Following the ruthless murder of 11 people at the offices of the satirical magazine Charlie Hebdo and the subsequent execution of a wounded police officer who confronted them at the corner of Boulevard Richard-Lenoir and Rue Moufle in the city's 11th Arrondissement, an intense manhunt began to pursue the terrorist brothers. The following day, another jihadist joined the violence the following day, murdering a municipal police officer in a southern suburb of Paris. The entire nation waited nervously through the night of Thursday, January 8th while the full strength of France's military and police forces combed the greater Parisian metropolitan area in search of the terrorists who committed these crimes.
The forces assembled for this, the most extensive domestic security operation in decades, comprised local and federal law enforcement units including the Police Nationale Compagnies Républicaines de Sécurité (or C.R.S. – Riot Control Brigade), Groupes d'Intervention de la Police Nationale (or French National Police Intervention Groups – GIPN) and even the interior ministry's Groupe d'Intervention de la Gendarmerie Nationale (National Gendarmerie Intervention Group – GIGN) special operations unit.

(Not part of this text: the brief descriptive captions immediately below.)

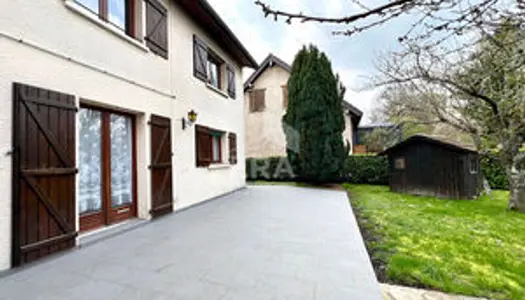 Maison Saint Julien Les Metz avec jardin et 2 garages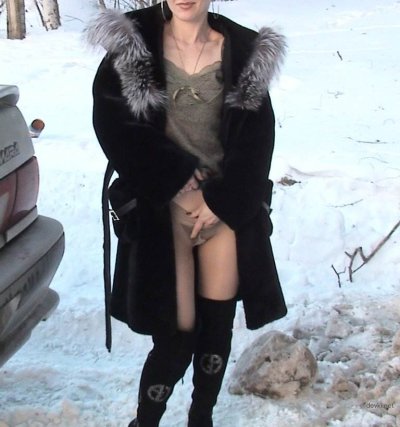 Супруга без трусов позирует в авто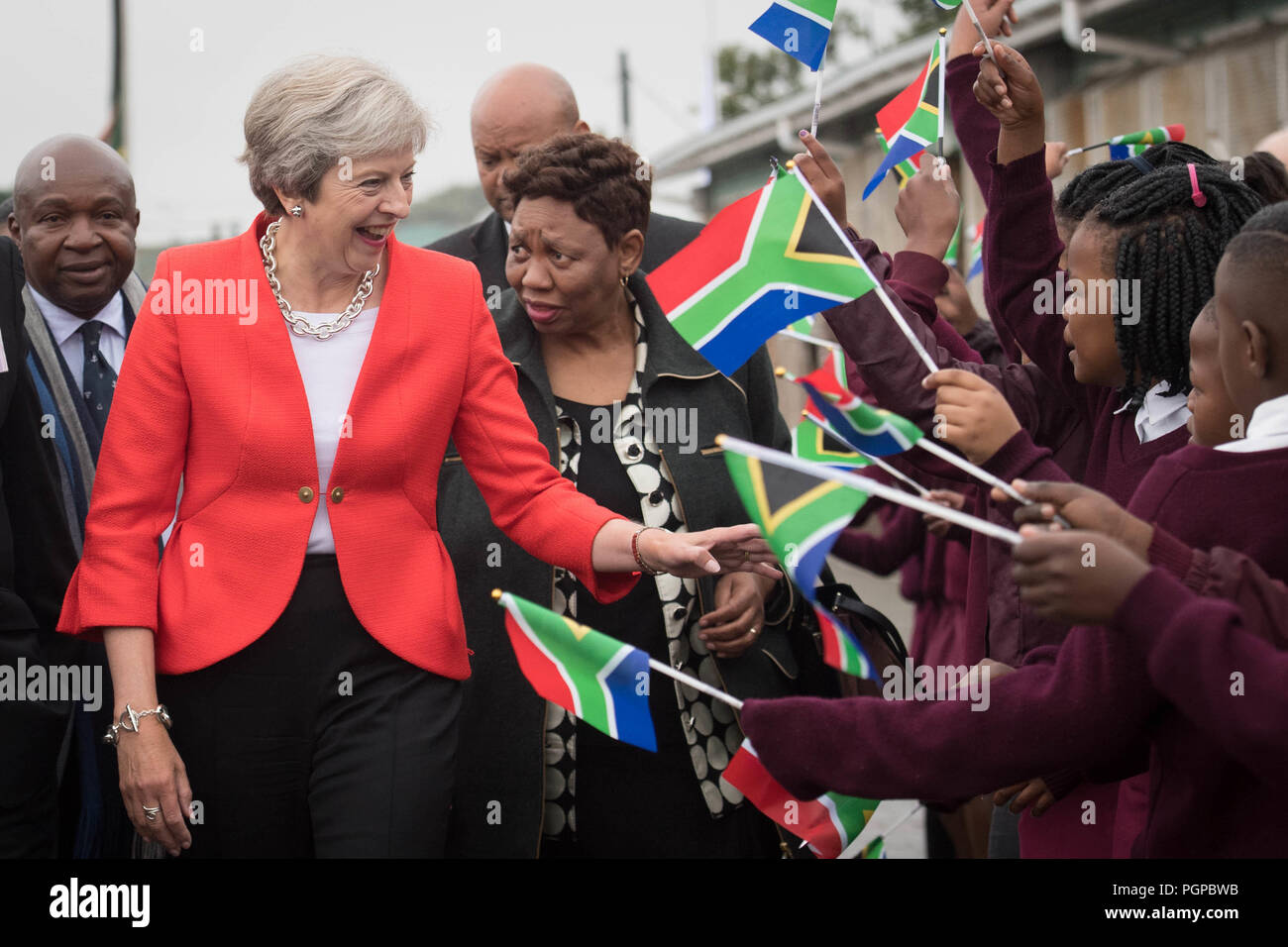 Premier ministre Theresa mai rencontre les élèves et le personnel de l'I.D. Mkize Secondary School à Cape Town, qui est jumelée avec l'école secondaire de Whitby, dans le Yorkshire. Les deux écoles font partie d'un British Council l'action d'échange appelé "Classe Connecté'. Le premier ministre est le premier jour de son voyage en Afrique du Sud, le Nigeria et le Kenya dans le cadre d'une mission commerciale visant à soutenir l'UK's post-Brexit fortunes. Banque D'Images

Formed in 1973 in response to the terrorist attack on the Munich Olympics, GIGN is the French Republic's front-line counter-terrorism and hostage-rescue force. Prior to this past week, the unit's most storied success was its near flawless rescue of all but three passengers aboard a hijacked Air France jet in Marseilles and the simultaneous neutralization of terrorists who intended to crash the plane into the Eiffel Tower. With 400 operators nationwide, it maintains the exact kind of alert readiness needed to deal with active-shooter situations like the ones that developed in Paris on January 7th, 8th and 9th. And the GIGN wields some impressive firepower. From the start of the crisis on Wednesday morning, GIGN operators could be seen in the press footage armed with some of the best firearms in the world – from Germany, Italy, the United States and even some of the homegrown variety. Unsurprisingly, just about every still photograph or video clip showed France's ubiquitous 5.56 NATO bullpup rifle – the FAMAS F1 (Fusil d'Assaut de la Manufacture d'Armes de Saint-Étienne or Assault Rifle from the Saint-Étienne Weapon Factory).

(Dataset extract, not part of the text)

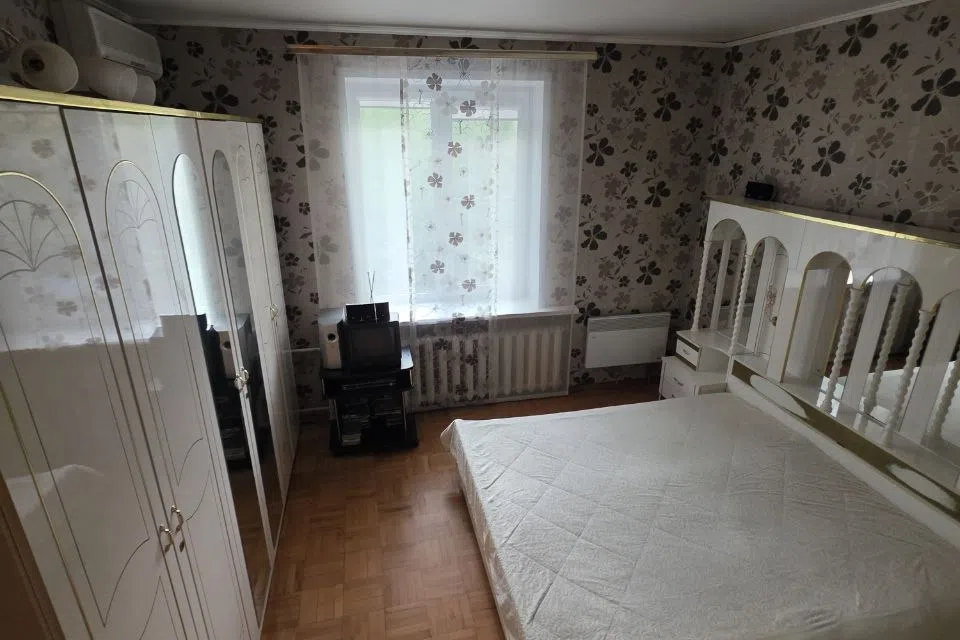 Сдаётся 2-комнатная квартира, 54 м²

But in some of the clips being played by the major media outlets throughout the crisis, another 5.56 NATO carbine could be seen in the hands of French police: the Mousqueton A.M.D. (Armement Moyen de Défense or "intermediate defense weapon"). In inventory for over three decades now, the Mousqueton A.M.D. is nothing more than a standard Ruger Mini-14 carbine with French markings. In addition to those weapons, members of the GIGN could be seen carrying the Beretta Model 12S 9 mm submachine gun, as well as the 12-gauge Benelli M90 Tactical shotgun (a derivative of that company's M4 shotgun).
Two German guns could be seen in use during the tactical response to the Charlie Hebdo terrorist attacks, and they were both made by Heckler & Koch: the 9 mm UMP-9 submachine gun, and the assault rifle that replaced the Mousqueton A.M.D./Mini-14 in 2008 as the GIGN's primary gun: the 5.56 NATO G36. It was while armed with these firearms that GIGN operators finally tracked down the terrorists during the morning of January 9th in the community of Dammartin-en-Goële just 7miles northeast of Charles De Gaulle International Airport. With the security forces surrounding the building, and after a nine-hour stand off, the jihadists attacked the surrounding forces, and were immediately killed by operators from the GIGN.

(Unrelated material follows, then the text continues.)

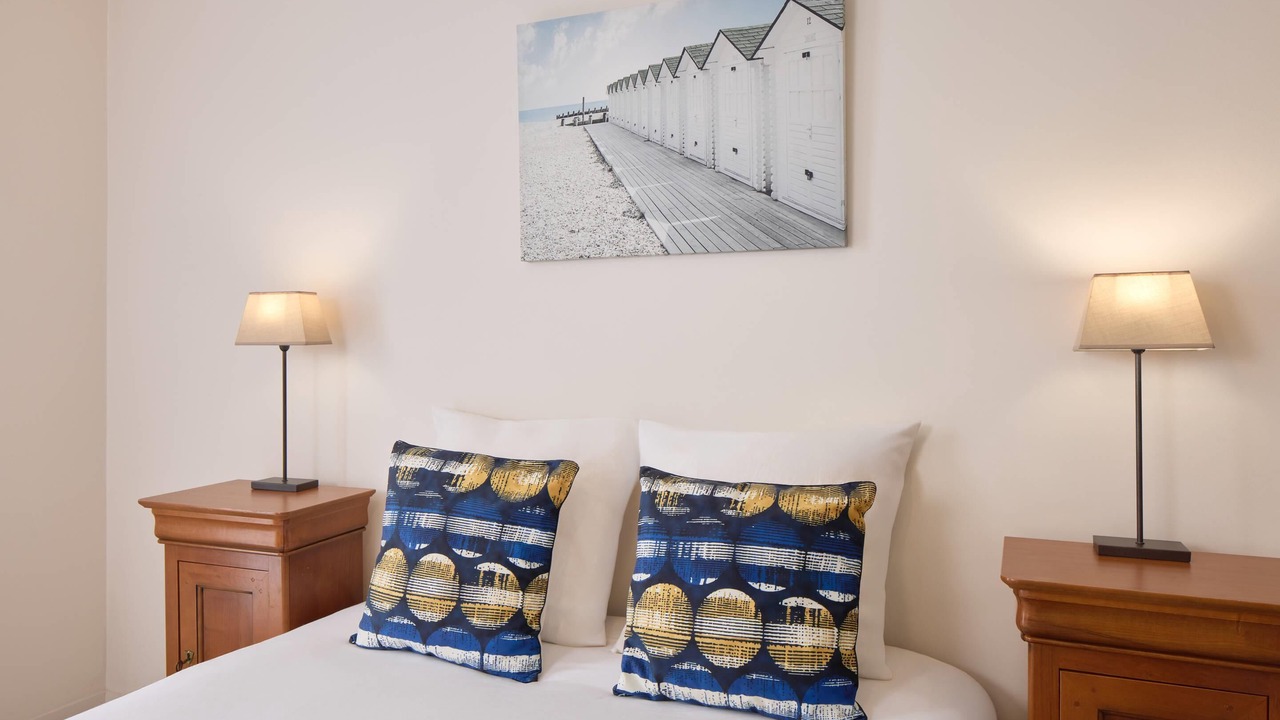 Photo of Others in Bruz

The other terrorist met the same fate soon thereafter in a kosher supermarket at Porte de Vincennes on the eastern side of Paris. Earlier in the day, he had entered the building and taken several hostages, all the while apparently remaining in communication with his jihadi counterparts at Dammartin-en-Goële. Almost immediately after GIGN neutralized the terrorists northeast of Paris, an entry team stormed the market in a dramatic scene that was caught on camera. Sadly, four of his hostages appear to have been murdered prior to the police action.
Although these terrorists chose to make innocent people the victims of their perverted and destructive ideology, they were ultimately rendered harmless by a group of well trained and extremely well armed professional operators–the GIGN–who, in this time of crisis, lived up to their motto: Sauver des vies au mépris de la sienna (To save lives without regard for one's own).